而AI对此给予了肯定。
“他的母亲, 凯瑟琳·托德是一个瘾.君.子,从很小的时候起, 就不是她在照顾杰森·托德, 而是杰森·托德在照顾她了。”AI淡淡道, “和莉莉·拉什的情况很像,父母中间有一方过于脆弱、过于不成熟的时候, 孩子就会更早地成熟起来,成为照顾父母的那一个。而你现在的情况就属于需要照顾的人群,他可能不自觉地移情了一部分保护欲在你身上。”
“他的母亲……”艾达微微皱起眉来。
AI平静道:“她死于吸.毒过量。”
艾达叹了一口气。一时不知道能说什么好。
很少有什么东西能够比毒.品更能摧毁一个人了。
“移情吗……”
艾达有些无奈地摸了摸自己的膝盖。其实她的双腿并没有失去知觉……它们只是无法站立而已。或许这也是不幸中的万幸吧。她曾经看过那些瘫痪的人……无法站立其实是他们人生中无数麻烦里比较容易忍受的一种了。
但是……
艾达搁在膝盖上的双手还是无声地收紧了。
还是太不方便了。
她垂下眼,想道。
……
……
……
杰森·托德确实对娜娜莉·兰佩路基有一部分的移情。
他一直是那个照顾父母而不是被父母照顾的孩子。
所以,在看到养父的女友是那样一个残疾而文弱的女人时,杰森便下意识把她归到了需要照顾的人群中。
他总是习惯性地去给她搭把手——比如当她在书房里看书的时候,帮忙去给她拿书;比如当她出门的时候,顺手帮忙抬一下她的轮椅;比如说当她看论文看入神,老是举起喝空了的红茶杯往嘴边递的时候给她斟上一杯新的红茶。
杰森并没有觉得自己做了什么了不起的事。

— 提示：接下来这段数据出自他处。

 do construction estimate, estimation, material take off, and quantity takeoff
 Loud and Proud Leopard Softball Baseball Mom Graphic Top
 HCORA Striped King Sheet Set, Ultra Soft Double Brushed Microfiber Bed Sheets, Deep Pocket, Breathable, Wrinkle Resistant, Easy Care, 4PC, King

他理所当然而平常地做着这些,在咲世子照顾不到她的地方顺手帮个忙。
比起他做的那些事,蝙蝠侠做的才让杰森觉得变态。
对,没错,就是变态。
杰森对布鲁斯给自己植入皮下追.踪器没有什么意见——拜托,他还是知道罗宾是一份高危职业的,他再怎么自信也不会认为自己绝对不会在任务里出事,不如说他早就做好了觉悟——他很清楚自己是在和哥谭最危险最丧心病狂的疯子们打交道。

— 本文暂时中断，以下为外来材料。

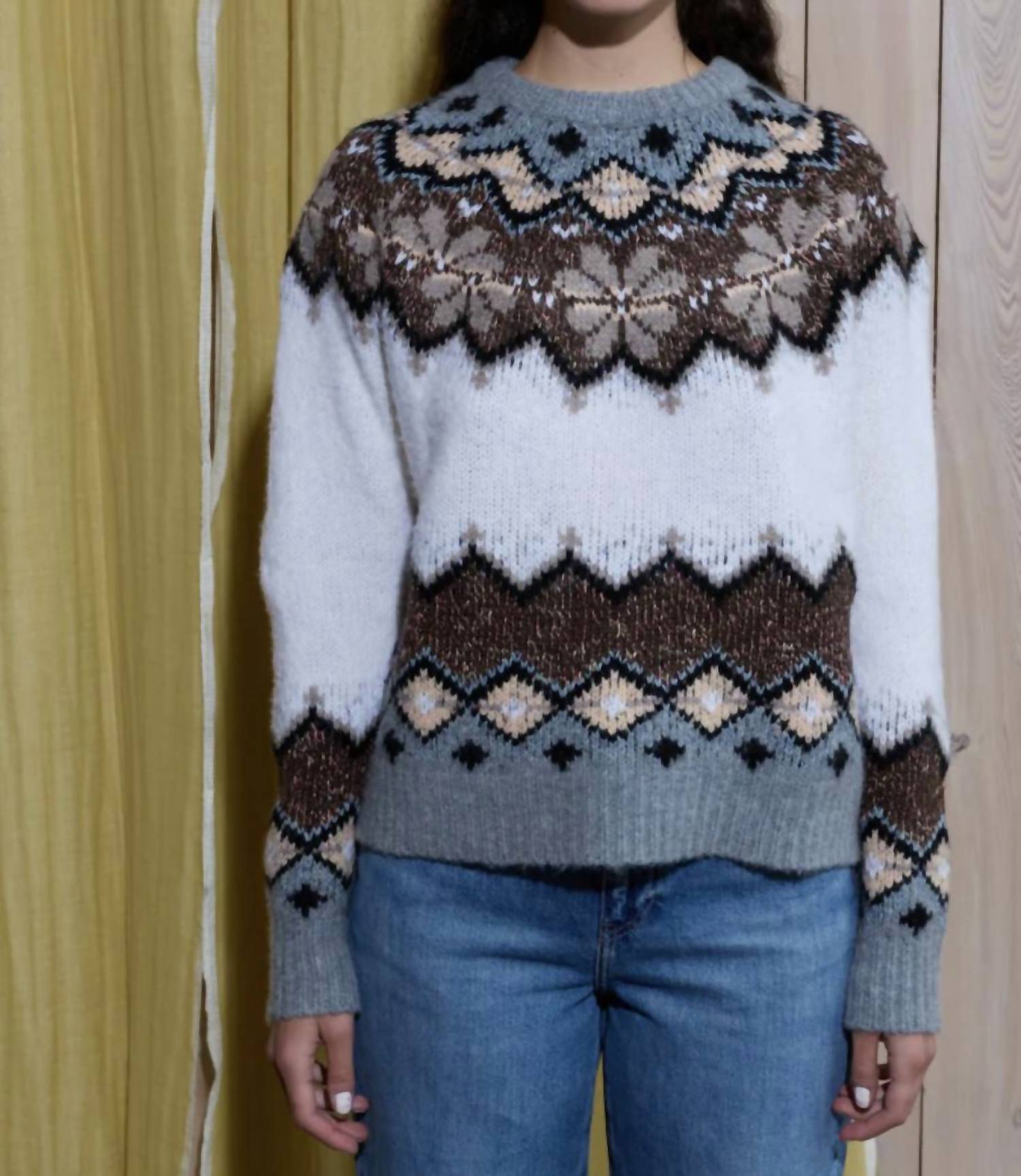 Lingua Franca Clara Crewneck Top in cream multi - women's sweater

但是给自己作为普通人的女朋友装定位器?这就是另一回事了。
杰森发自内心的觉得蝙蝠侠在女朋友的轮椅、手包、项链、手表、发饰上都装了定位器或者心率检测器……这种事真的挺变态的。
如果布鲁斯·韦恩不是蝙蝠侠,杰森绝对已经报警了,他没有开玩笑。
杰森其实也很好奇娜娜莉·兰佩路基到底知不知道这件事。
这个问题在某天娜娜莉·兰佩路基利用那个装在她蝴蝶项坠上的、具有通信功能的监听器和蝙蝠侠对话的时候得到了答案。
杰森·托德肃然起敬。
不愧是蝙蝠侠的女朋友,变态……咳,心理素质果然与蝙蝠侠居于同一水准。
……虽然他真的搞不懂为什么她大半夜联系蝙蝠侠就为了让他带个甜甜圈回去。
杰森对于娜娜莉的印象一向不算坏,在他眼中,她是一个好心的、温柔的、知性的大小姐,并没有有钱人常见的傲慢,不如说,她大多数时候都显得相当平易近人,并且风趣。

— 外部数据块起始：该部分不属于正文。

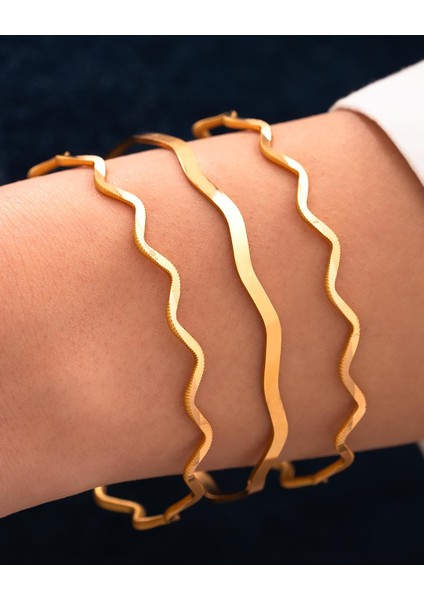 24 Gr(Gram) 3'Lü Kombin 2 Ajda Zigzag 1 Düz Zigzag 22 Ayar Altın İşçiliksiz Yatırımlık Bilezik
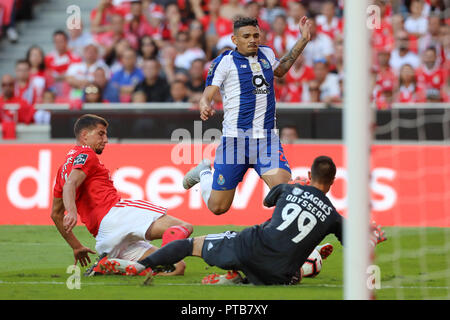 Soares of FC Porto (C) with Rúben Dias of SL Benfica (L) and Odysseas Vlachodimos of SL Benfica (R) seen in action during League NOS 2018/19 football match between SL Benfica vs FC Porto. (Final score: SL Benfica 1-0 FC Porto). Stock Photo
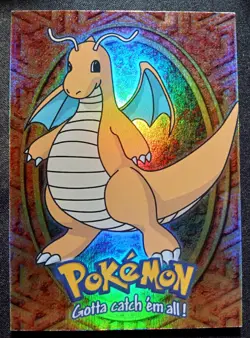 Topps Pokemon First Movie Rainbow Holo Foil E12 Dragonite First Print Blue Logo - Image 1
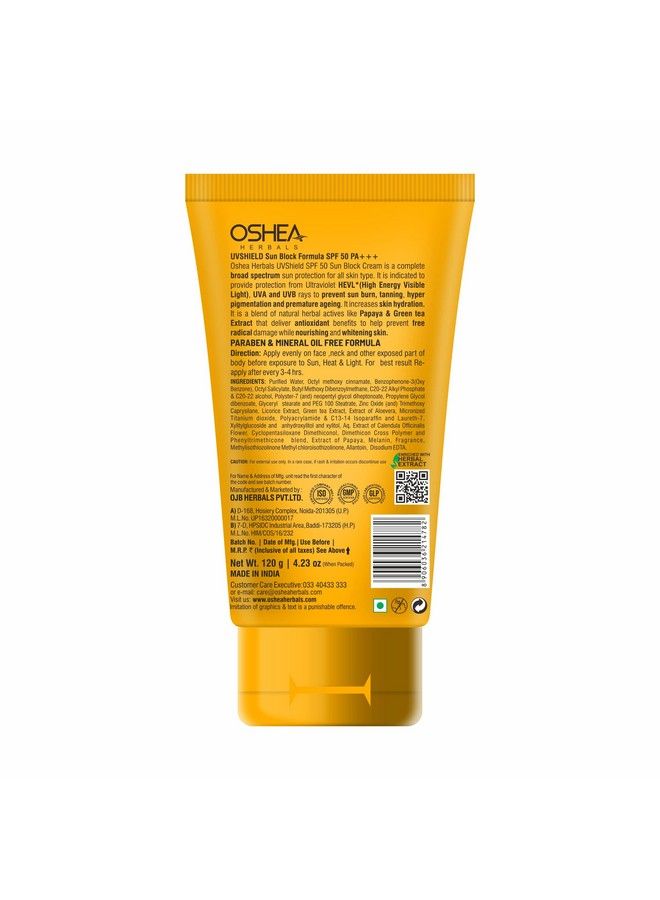 Uvshield Sun Block Formula Spf 50 Pa+++I Enriched With Papaya Green Tea Extract I For Sun Protection I Water Resistant 120 Grams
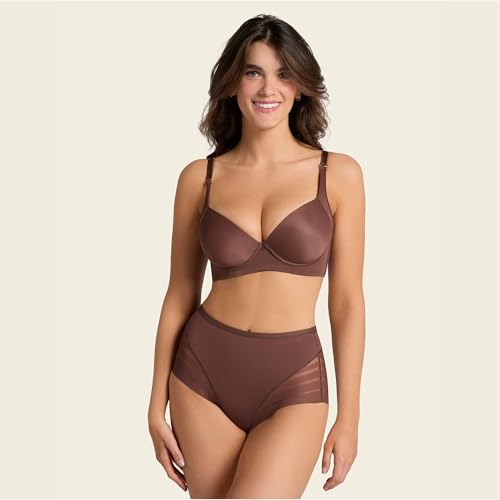 Image of Leonisa High Waisted Invisible Tummy Control Shapewear for Women - Stripe Lace Ladies Underwear Panties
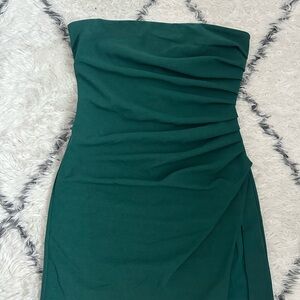 Lucy in the Sky Strapless Ruched Dark Emerald Green Dress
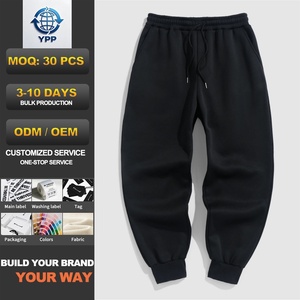 <span class=keywords><strong>Pantaloni</strong></span> Jogger <span class=keywords><strong>Neri</strong></span> Larghi da Uomo all'Ingrosso, Personalizzabili OEM ODM, <span class=keywords><strong>con</strong></span> <span class=keywords><strong>Elastico</strong></span> in Vita, Coulisse e Polsini a Costine, Vestibilità Ampia, Nuovi - Product Image 1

但是在杰森的心里,她也一直是一个需要保护的人。无害,温和,近乎孱弱。
——直到那天他看见了她的另一面。
那天晚上对于杰森·托德来说,大概是他成为罗宾以来最为难熬的一天。
他知道布鲁斯也会受伤,知道布鲁斯也会死……但他没有想过,蝙蝠侠也会倒下。
那天晚上他们遇到了再一次从阿卡姆疯人院里越狱的稻草人,他对着一家餐厅投放了恐惧毒气,造成了巨大的骚乱与损伤。一名警察因为吸入恐惧毒气太久,对他的大脑造成了永久性的损害,即使蝙蝠侠赶到,也无法挽救他的人生,他的后半生只能被关在精神病院狭小的板间里,在永远的恐惧与狂乱中徘徊。
而后,像过去的无数次那样,蝙蝠侠与罗宾再一次找到了稻草人,他们击败了他的手下,蝙蝠侠亲手掐着稻草人的脖子把他摁在墙上,一连揍断了他九根骨头。
但稻草人找到了一个机会,对蝙蝠侠释放了恐惧毒气。
“好好享受这个吧,蝙蝠!”瘦小的男人发出一阵扭曲的大笑,“这是为你特别制作的!”
而后,第一次,杰森·托德看到蝙蝠侠在自己面前倒了下去。
……
如果不是阿尔弗雷德及时提醒,杰森几乎把稻草人当场打死。
罗宾成功带着蝙蝠侠从那群罪犯之中逃脱,他和阿尔弗雷德一起,成功将蝙蝠侠带回了蝙蝠洞。一路上,听着布鲁斯断断续续发出的不成人声的呻.吟,罗宾咬紧了牙关,如同一座凝固的火山一般沉默着,而阿尔弗雷德也默默开着车,只有偶尔抹去脸上眼泪的动作,和后视镜中他苍老而通红的双眼,才暴露了他真实的情绪。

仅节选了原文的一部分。